Peak: Secrets from the New Science of Expertise
- date
- 2016
- venue
- Houghton Mifflin Harcourt
- type
- book
- about
- Deliberate practice
caught 18 May 2026 — mid-spring. vetted 18 May 2026 — mid-spring.
Peak is the trade-press book of K. Anders Ericsson's research programme, written with the science journalist Robert Pool and published in 2016, four years before Ericsson's death. Ericsson (1947–2020) was the Florida State University psychologist who, with Ralf Krampe and Clemens Tesch-Römer, had introduced the construct of deliberate practice in a 1993 Psychological Review paper built around a study of violinists at the Music Academy of West Berlin; he spent his career on expertise and human performance. Pool is a science writer with a doctorate in mathematics who has co-authored several books and written for Science and Nature; his role here is the standard one of the trade collaborator, turning a researcher's body of work into a book a general reader will finish. The "I" of the book is Ericsson; the prose is the joint product.

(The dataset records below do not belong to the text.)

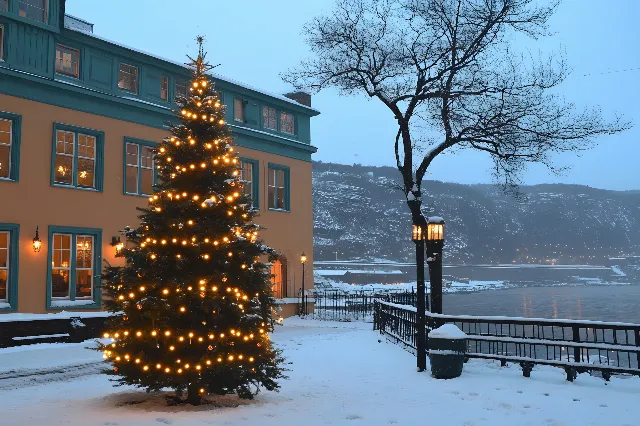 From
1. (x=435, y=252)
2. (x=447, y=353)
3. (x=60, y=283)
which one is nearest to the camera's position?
(x=447, y=353)

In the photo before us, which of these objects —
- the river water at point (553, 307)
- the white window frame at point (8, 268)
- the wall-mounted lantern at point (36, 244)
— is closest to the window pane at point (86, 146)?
the wall-mounted lantern at point (36, 244)

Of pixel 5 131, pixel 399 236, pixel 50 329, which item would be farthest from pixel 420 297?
pixel 399 236

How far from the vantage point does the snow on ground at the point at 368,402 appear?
7.77 m

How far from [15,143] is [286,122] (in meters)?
12.8

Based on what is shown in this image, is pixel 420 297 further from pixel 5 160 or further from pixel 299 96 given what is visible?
pixel 299 96

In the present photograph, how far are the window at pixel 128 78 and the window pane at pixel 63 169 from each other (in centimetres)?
336

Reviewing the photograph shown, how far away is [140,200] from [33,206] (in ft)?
12.8

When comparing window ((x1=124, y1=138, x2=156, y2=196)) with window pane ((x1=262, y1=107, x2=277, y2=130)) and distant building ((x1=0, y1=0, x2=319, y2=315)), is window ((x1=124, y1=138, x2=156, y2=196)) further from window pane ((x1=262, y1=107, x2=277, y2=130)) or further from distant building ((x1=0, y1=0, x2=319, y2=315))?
window pane ((x1=262, y1=107, x2=277, y2=130))

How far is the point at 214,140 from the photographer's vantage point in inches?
364

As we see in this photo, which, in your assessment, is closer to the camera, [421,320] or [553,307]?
[421,320]

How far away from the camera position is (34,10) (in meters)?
18.0

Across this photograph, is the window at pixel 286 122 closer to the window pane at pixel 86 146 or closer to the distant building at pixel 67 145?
the distant building at pixel 67 145

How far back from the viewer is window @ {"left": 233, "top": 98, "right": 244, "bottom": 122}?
25.3m

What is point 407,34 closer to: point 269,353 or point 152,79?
point 152,79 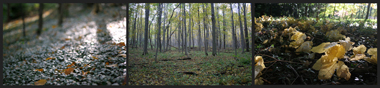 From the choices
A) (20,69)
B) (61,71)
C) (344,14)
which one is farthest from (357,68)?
(20,69)

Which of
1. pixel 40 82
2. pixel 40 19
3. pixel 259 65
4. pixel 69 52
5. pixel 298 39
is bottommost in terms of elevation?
pixel 40 82

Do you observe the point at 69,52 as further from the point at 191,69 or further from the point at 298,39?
the point at 298,39

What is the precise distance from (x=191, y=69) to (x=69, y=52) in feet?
8.46

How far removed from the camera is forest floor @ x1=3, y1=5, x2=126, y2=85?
2764 millimetres

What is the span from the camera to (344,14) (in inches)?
95.8

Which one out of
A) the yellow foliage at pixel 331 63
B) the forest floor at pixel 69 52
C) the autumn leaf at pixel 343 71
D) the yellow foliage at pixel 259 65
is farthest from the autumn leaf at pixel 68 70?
the autumn leaf at pixel 343 71

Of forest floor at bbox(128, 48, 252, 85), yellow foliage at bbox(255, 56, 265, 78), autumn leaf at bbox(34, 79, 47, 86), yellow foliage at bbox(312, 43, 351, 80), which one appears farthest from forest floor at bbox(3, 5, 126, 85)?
yellow foliage at bbox(312, 43, 351, 80)

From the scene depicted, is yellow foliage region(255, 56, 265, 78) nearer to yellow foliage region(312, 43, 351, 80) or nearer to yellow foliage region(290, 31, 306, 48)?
yellow foliage region(290, 31, 306, 48)

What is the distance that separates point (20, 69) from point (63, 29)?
139 centimetres

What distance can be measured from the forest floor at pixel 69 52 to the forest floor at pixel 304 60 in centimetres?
203

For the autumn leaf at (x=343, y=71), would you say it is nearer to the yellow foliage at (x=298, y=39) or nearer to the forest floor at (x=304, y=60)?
the forest floor at (x=304, y=60)

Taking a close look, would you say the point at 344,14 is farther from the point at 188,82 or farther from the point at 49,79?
the point at 49,79

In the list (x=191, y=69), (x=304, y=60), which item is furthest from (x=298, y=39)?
(x=191, y=69)

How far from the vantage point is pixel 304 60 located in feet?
7.41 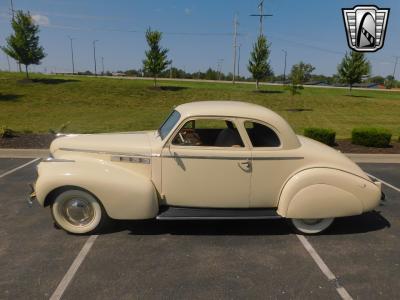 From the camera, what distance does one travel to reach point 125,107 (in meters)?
26.4

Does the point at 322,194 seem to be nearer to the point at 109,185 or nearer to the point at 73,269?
the point at 109,185

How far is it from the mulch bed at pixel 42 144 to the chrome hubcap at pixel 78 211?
6.21 m

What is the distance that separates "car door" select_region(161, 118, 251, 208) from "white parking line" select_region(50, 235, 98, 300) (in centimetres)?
123

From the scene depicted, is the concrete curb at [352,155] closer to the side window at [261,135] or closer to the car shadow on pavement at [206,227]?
the car shadow on pavement at [206,227]

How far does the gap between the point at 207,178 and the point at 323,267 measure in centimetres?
192

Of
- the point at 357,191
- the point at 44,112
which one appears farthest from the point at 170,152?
the point at 44,112

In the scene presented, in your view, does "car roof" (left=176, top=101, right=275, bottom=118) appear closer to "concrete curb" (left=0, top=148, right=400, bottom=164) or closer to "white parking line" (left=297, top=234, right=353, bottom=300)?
"white parking line" (left=297, top=234, right=353, bottom=300)

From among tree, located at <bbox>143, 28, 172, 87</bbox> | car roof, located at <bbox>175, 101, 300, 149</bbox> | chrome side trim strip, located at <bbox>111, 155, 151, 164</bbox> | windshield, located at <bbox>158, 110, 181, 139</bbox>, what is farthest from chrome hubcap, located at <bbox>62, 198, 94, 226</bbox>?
tree, located at <bbox>143, 28, 172, 87</bbox>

The publisher was Houghton Mifflin Harcourt, a general trade house, and that fact sets the editorial filter. Peak was not peer-reviewed. It passed through trade editing — checked for clarity, pace and saleability, not refereed by other expertise researchers — and it carries the apparatus of a popular book: anecdotes, a confiding voice, chapter-level takeaways. A reader should treat it as Ericsson's argument addressed to the public, not as a research report. The science it draws on, including the 1993 violinist study, was decades old by 2016; the book is a synthesis and a restatement, not new data.
That makes Peak a secondary source for the findings and a primary source for one thing only: Ericsson's own considered framing of his work, late in his life. It synthesises his research programme and cites it, and the underlying studies — the 1993 paper above all — can be chased to their journals. Its sharpest argument is corrective. The book is written in part against Malcolm Gladwell's "10,000-hour rule" from the 2008 Outliers, which had taken the West Berlin violinists' figure and hardened it into a threshold; Peak argues that there is no magic number, that the quality and structure of practice matter more than a raw hour count, and that Gladwell misread the 1993 paper. Within this set, Peak is the popularisation of the deliberate-practice paper and stands a step closer to a lay reader than any other acquisition-side source here.
Ericsson's stake in Peak is plainer than in the 1993 journal paper, because a trade book is a commercial object. The book had to sell, and it carries a self-improvement promise — that deliberate practice is a general method available to ordinary people — that is broader and more motivational than the careful framework of the journal article. There is a reputational stake on top of the financial one: by 2016 the deliberate-practice programme was Ericsson's life's work and was drawing meta-analytic challenge from Macnamara, Hambrick and others over how much of performance practice actually explains, and Peak is, among other things, the author's restatement of the case for a general audience while that dispute was running.